Part 1: The Conversion

Before I begin, I want you to know a few things.

Most importantly, I grew up on a farm. I don't just mean there was a farm behind our house; I mean, my grandparents ran a working farm as their means of living. We had cattle, sheep, and crops. In the fall, we loved going to the barn because of the trailer full of soft cottonseed. We loved giving the cows salt licks, and I had the distinction of being the oldest so I got to go up to the hay loft, cut open bails with wire cutters, and pitch down hay into the trough.

I have known my whole life where beef comes from, and even though my siblings and I would name the cows every year, I understood that the little white parcels with red stamps reading, "Bone-in ribeye" or "Chuck roast" were the cow's (many of them were named after Disney characters) way of saying, "Thanks for giving me such a beautiful life on the farm."

In fact, I don't have a problem with meat that is raised in the same way I was so familiar with growing up: a family of farmers pitches hay from the loft to the trough, never takes a vacation from tending the animals, and is sure to round up the chickens every night before the sun sets.

It wasn't until I learned of the atrocities of factory farming that I began to think that meat-eating wasn't such a great idea.
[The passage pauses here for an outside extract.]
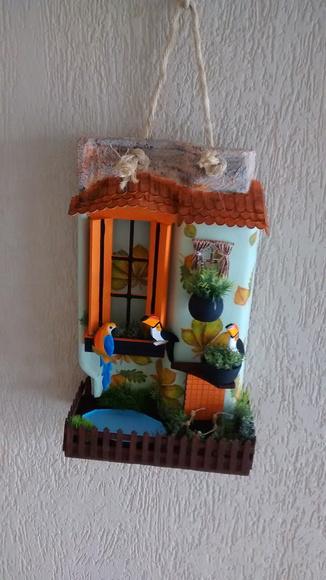 TELHA COM ARTE EM MADEIRA-vendida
Industrial agriculture, from the prominence of high fructose corn syrup in processed foods to the way commercial animal farming operations (better known as CAFOs or factory farms) are run, makes me squeamish and conjures up images of animal suffering, biohazards being dumped into processed foods, and swampish pools of byproducts and waste. Gross.

On a micro level, foods grown (the word grown is too organic; let's used processed) that way make us unhealthy. One look at obesity rates and Type II diabetes statistics, and that's clear: our food is making us sick. And food-borne illnesses are on the rise, too; the E. coli outbreaks in meat as well as vegetables (between spinach and tomatoes), and other things like salmonella account for 76 million illnesses in the U.S. each year.

On the macro level, though, these gigantic industrial food plants are directly causing huge amounts of pollution and making entire communities sick (studies show that children who live near factory farms have higher instances of asthma).

It's not just because I'm 200 pages in to Jonathan Safran Foer's Eating Animals that I bring this up; over the last few months, I've been making gradual changes in my diet. After reading Omnivore's Dilemma (Michael Pollan) and seeing Food, Inc. especially, we started cutting out things like fast food and sodas. We became Readers of Ingredients Lists. We began shopping regularly at the farmers market and bringing home vegetables from my mom's garden.

This weekend, I did the unthinkable. I turned down BBQ from the one place I never thought I'd forsake: Louie Mueller BBQ, where I grew up eating award-winning brisket and jalapeno sausage. Excuse me for a moment while I drool all over my keyboard.

I watched as my family enjoyed hot links, ribs, and moist brisket, not tasting a bite—all in the name of my newest personal endeavor.

I'm going vegetarian and I'm determined to be successful.

Coming up: Part 2, The Reaction....




3 comments:

Kit said...

Yeah! Welcome to the club!

General Tom said...

Thanks for share good post. Useful information, keep it up. I like your post.

catherine said...

Another book that was a really amazing read was "Animal, Vegetable, Miracle" by Barbara Kingsolver. It addresses a lot of the food politics you mention. Not that it sounds like you need more convincing. :)

As always, it's great to read your lovely writing.